*** Block opens ***

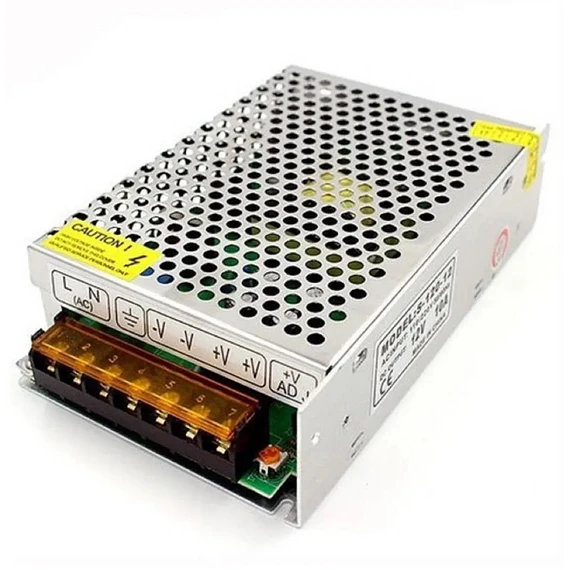 CCTV POWER 12V 10A TWC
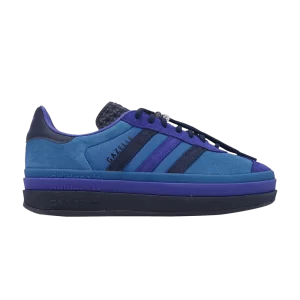 Baskets adidas ORDINARY PEOPLE x Wmns Gazelle Bold 'City of Seoul Pack – Royal Vibrant Royal/Translucent Blue/Collegiate Navy IH9991
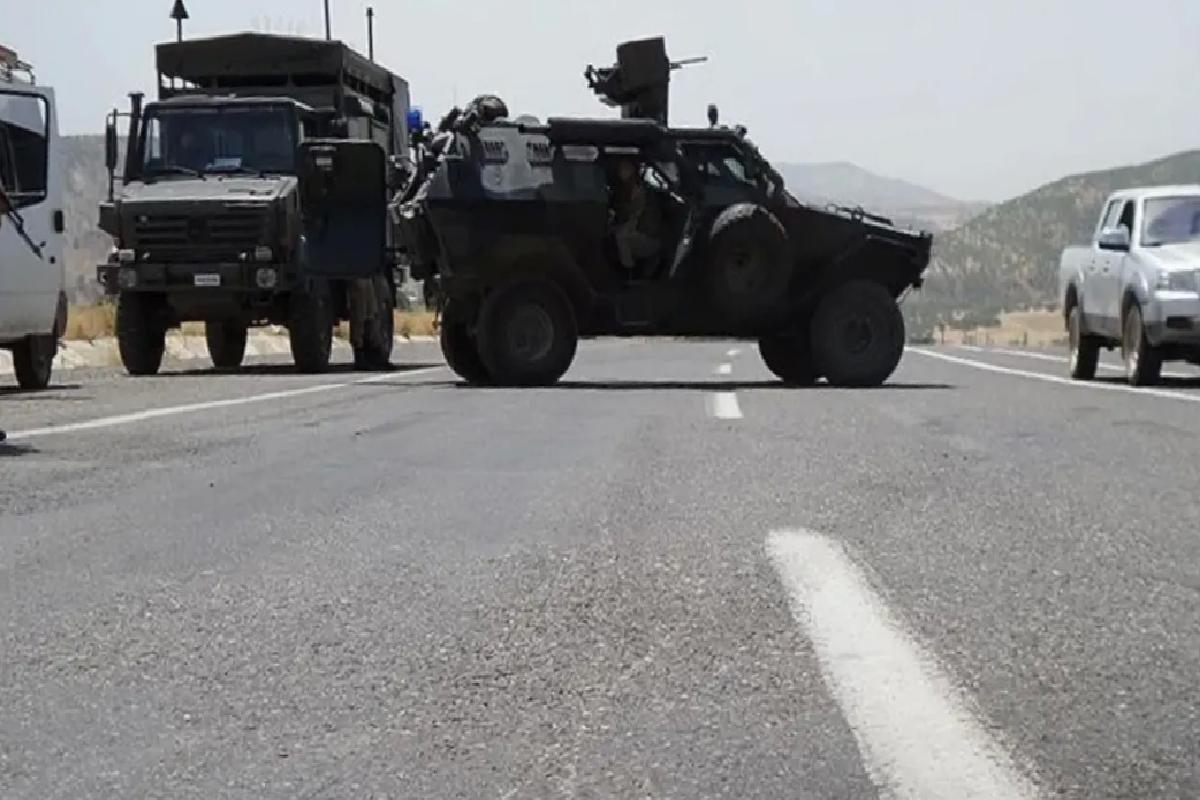 Şırnak’ta Gabar ve Cudi Dağı dahil bazı bölgeler 15 gün süreyle ‘geçici özel güvenlik bölgesi’ ilan edildi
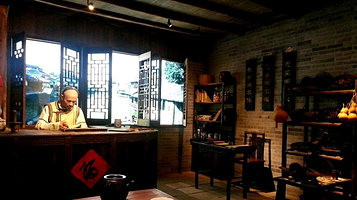 神农草堂松乔宫-王老吉凉茶博物馆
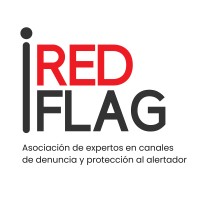 RED FLAG - Asociación de expertos en canales de denuncia y protección al alertador logo - Similar company to Aml Freaks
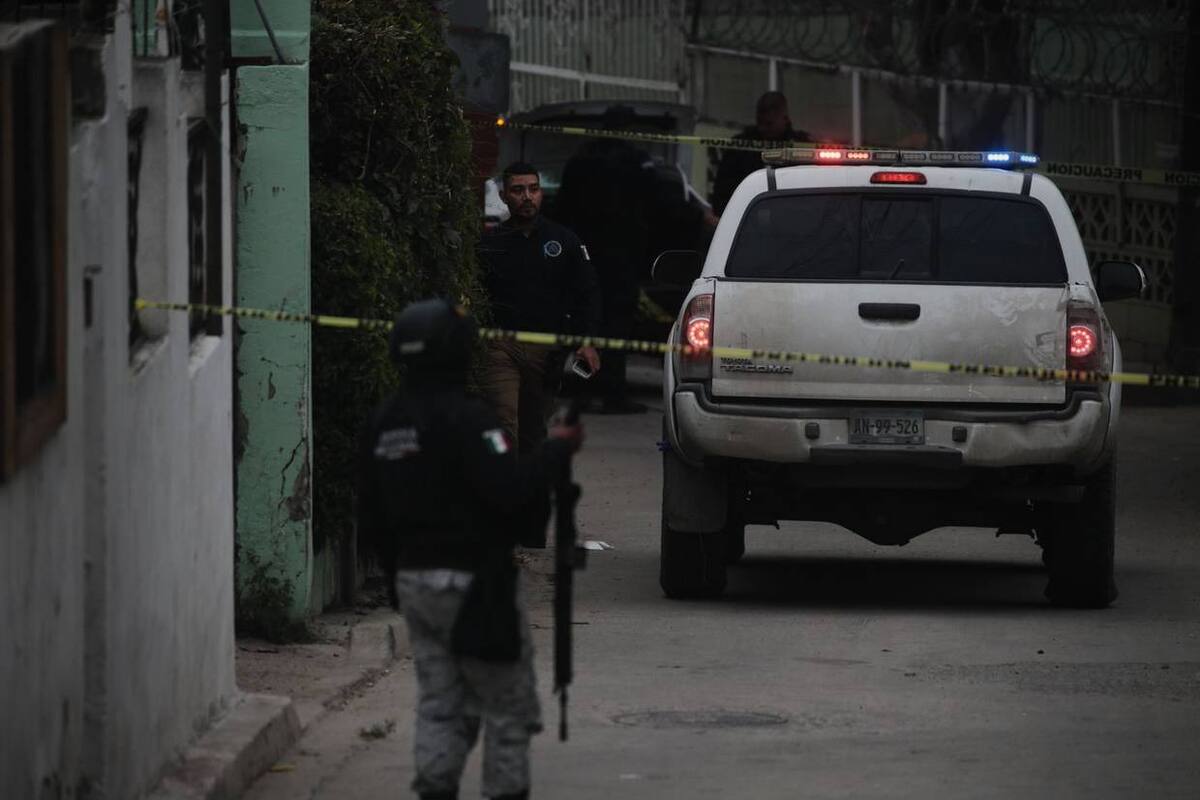 Detenido por dejar restos tenía antecedentes: Fiscalía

*** Block closes ***

## Task brief
Pictures stay out, and every line of the records is transcribed exactly.

## Result below
 CCTV POWER 12V 10A TWC
 Baskets adidas ORDINARY PEOPLE x Wmns Gazelle Bold 'City of Seoul Pack – Royal Vibrant Royal/Translucent Blue/Collegiate Navy IH9991
 Şırnak’ta Gabar ve Cudi Dağı dahil bazı bölgeler 15 gün süreyle ‘geçici özel güvenlik bölgesi’ ilan edildi
 神农草堂松乔宫-王老吉凉茶博物馆
 RED FLAG - Asociación de expertos en canales de denuncia y protección al alertador logo - Similar company to Aml Freaks
 Detenido por dejar restos tenía antecedentes: Fiscalía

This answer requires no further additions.